Having already gained some experience in engine tuning he developed a 1500cc racing engine out of some old BMW parts, so he was able to enter also the smaller sports car class in 1947. The picture shows him in his BMW 328, in which he won his class in the season-opening Hockenheim race.
Von Falkenhausen's first self-built race car, the "Intertype" in sports car shape. Here a picture of 1948.
Von Falkenhausen soon realised that the old BMW 328 chassis could not fulfill the requirements of a modern race car any longer. So he combined an original 328 frame with the more modern rear axle of the 326 model, fitting it with new bodywork of so-called Intertype style. The reason for this layout was the option to convert the car from a two-seated sports car into a offset single seater simply by stripping it off its detachable lights and wings. With the additional choice between the small or the big engine this gave von Falkenhausen quite a number of occasions to enter the car.
Interestingly the bodywork was designed by von Falkenhausen himself and built up by Willi Huber, who had been member of the BMW testing department before the war. After a short involvement in the construction of the first Veritas RS sports car he preferred to return to the beautiful Bavarian area at the Chiemsee, where he rented an old boat house on the Fraueninsel in the middle of the lake. So curiously all of his products had to be rowed across the lake first, before they could be handed over to his growing number of customers...

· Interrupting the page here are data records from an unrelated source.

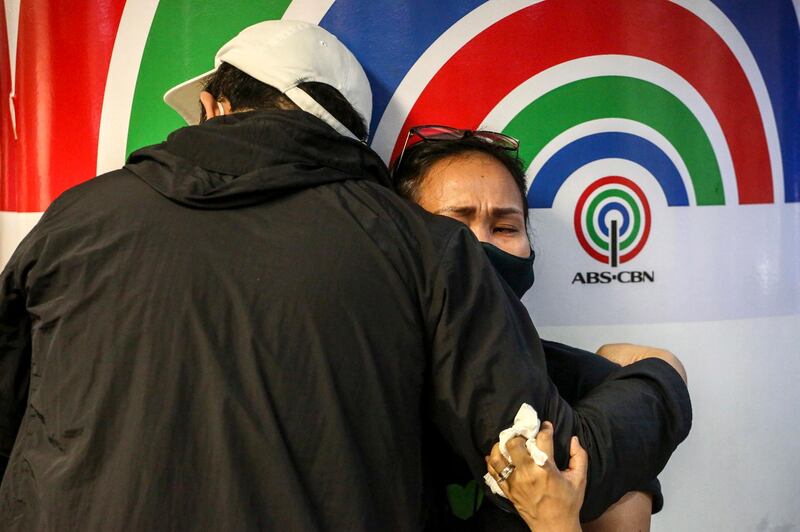 ABS-CBN employees react after Philippine MPs voted against renewing the network's broadcast franchise. EPA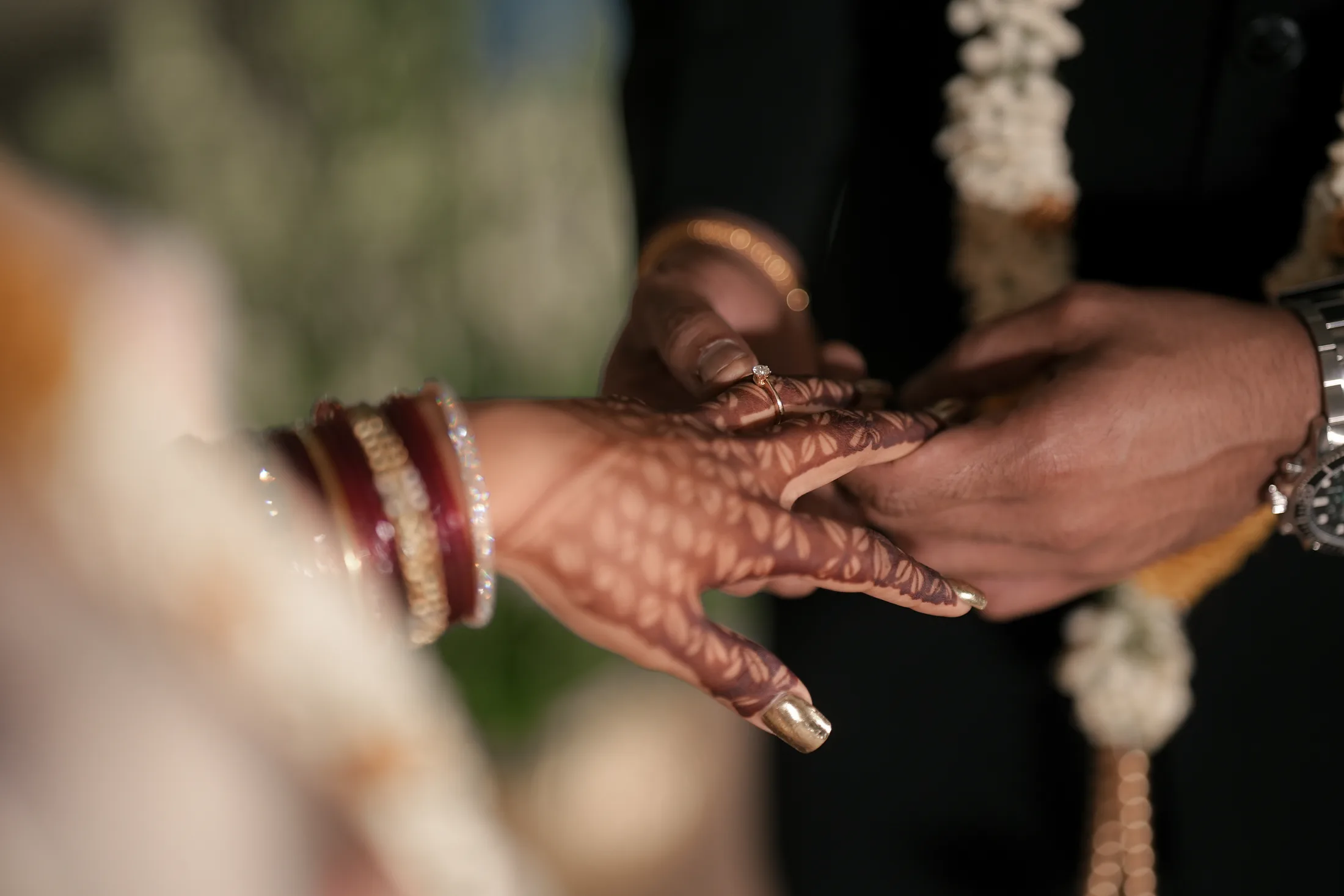 Couple's hands during the ring ceremony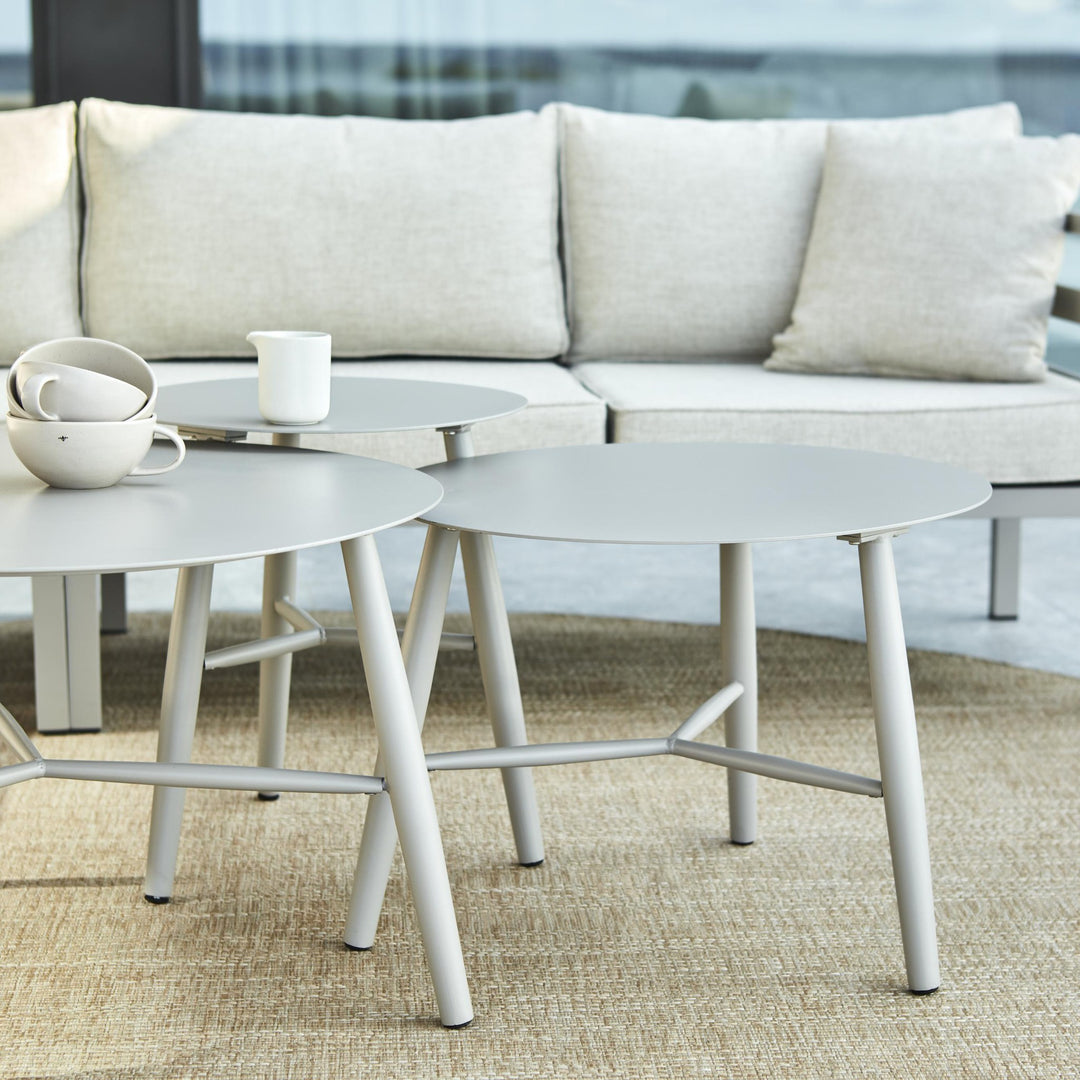 Brafab Weldon utesofa med lyse puter bak hvite settbord på teppe, kaffekopper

Nowadays there is some of confusion as von Falkenhausen entered his home-built special initially as an Al-Fa (not to be confused with the famous Milan factory) which the editors of some early race programmes turned into Alfa-BMW before he switched to the AFM letter combination! This warning is also valid for a third engine of his design, a 1100cc, which was based on a Fiat 4-cylinder engine. Von Falkenhausen, looking for a commercial base for his activities, set up a small production series of this engine, which achieved much success as a popular platform for special builders.
In the debut race for the AFM marque, the 2-litre sports car class at Hockenheim, von Falkenhausen immediately showed the competitiveness of the car by finishing second, again behind the Mille Miglia Limousine of Kling, while later in the year he also won the 1.5-litre class at Hamburg.
As von Falkenhausen soon realised that it would be much more promising to concentrate on one class only rather than his permanent switches, the car was fitted with the smaller 1500cc engine for 1948. Together with some minor modifications to the bodywork this is the configuration in which the picture was taken. In that season he won the races at Hockenheim, Cologne and the Eggberg hillclimb to become German Sports Car Champion of the 1.5-litre class. After that he sold the car to Peter Hirt from Switzerland for the 1949 season.
Von Falkenhausen in his first monoposto at the Munich-Riem airfield in 1949.
1949, Pt. I
1949 saw the appearance of the first AFM monoposto. Of course this was again built around the only purposeful and available engine, the faithful BMW 328, which had naturally received some AFM-style modifications, so that it should rather be called an AFM-BMW.
Because of the limited engine options von Falkenhausen had to concentrate on chassis design to achieve competitiveness. The result was a very revolutionary chassis, a true spaceframe layout, extremely light and stiff. So in fact the car can be regarded as a predecessor of the Mercedes 300SL and Maserati's famous "Birdcage", while in contrast the spaceframe of the Veritas RS still was mounted on a conventional tube section frame.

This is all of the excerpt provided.